We just failed our initial facility audit by one point. I am very upset even though my boss has reassured me that things were beyond my control.
Everyone on this forum that has posted guidance and answered questions has been a huge help, and I wanted to thank those that contribute regularly like Charles and Simon. It would have been an even more miserable time without knowing the things I know now.
Our biggest problem is lack of support. This program is too big for one or two people to manage. We have virtually no support from other departments and this is why we failed. Although we are a small company, there are not enough resources to keep on top of SQF. I also am responsible for many other things that I cannot neglect or put aside. This has been an extremely frustrating two days and I only hope that this will shock the other managers into action to get our act together.
The disappointing fact is, many of the hits were things that I've asked time and time again for them to fix.

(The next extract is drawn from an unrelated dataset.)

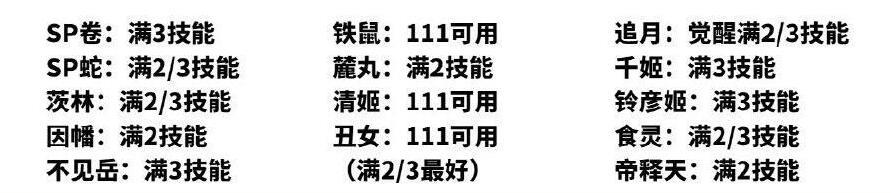 阴阳师灵染试炼阵容怎么搭配？阴阳师灵染试炼阵容搭配攻略截图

When I go back in Monday, I have a four foot stack of papers to go through. I think I'm going to cry, seriously. Has anyone else taken it this hard?!
Dear Destinee,
My commiserations, and the answer to yr last sentence is, Yes, definitely, and in some cases frequently!, especially after having slogged one's guts out to try and get everything set up in advance of an audit. IMEX, your boss's non-volcanic reaction is very atypical so i can only assume that some of the problems were already anticipated ?. (Incorrect drainage design perhaps as per your earlier thread ?)
Not personally familiar with SQF terminologies but by "initial" do you mean this was a pre-audit, ie test audit; or the real thing ? If the latter did you have a pre-audit to warn of likely surprises (aka QA self-protection)?
I deduced from yr earlier posts that you are handling a considerable array of product categories, eg fish, meat plus everything from raw to RTE. IMEX (non-SQF) this is always going to attract a pretty rigorous audit scrutiny. If available resources is a serious limitation (eg one-person show) then almost certain to get headaches.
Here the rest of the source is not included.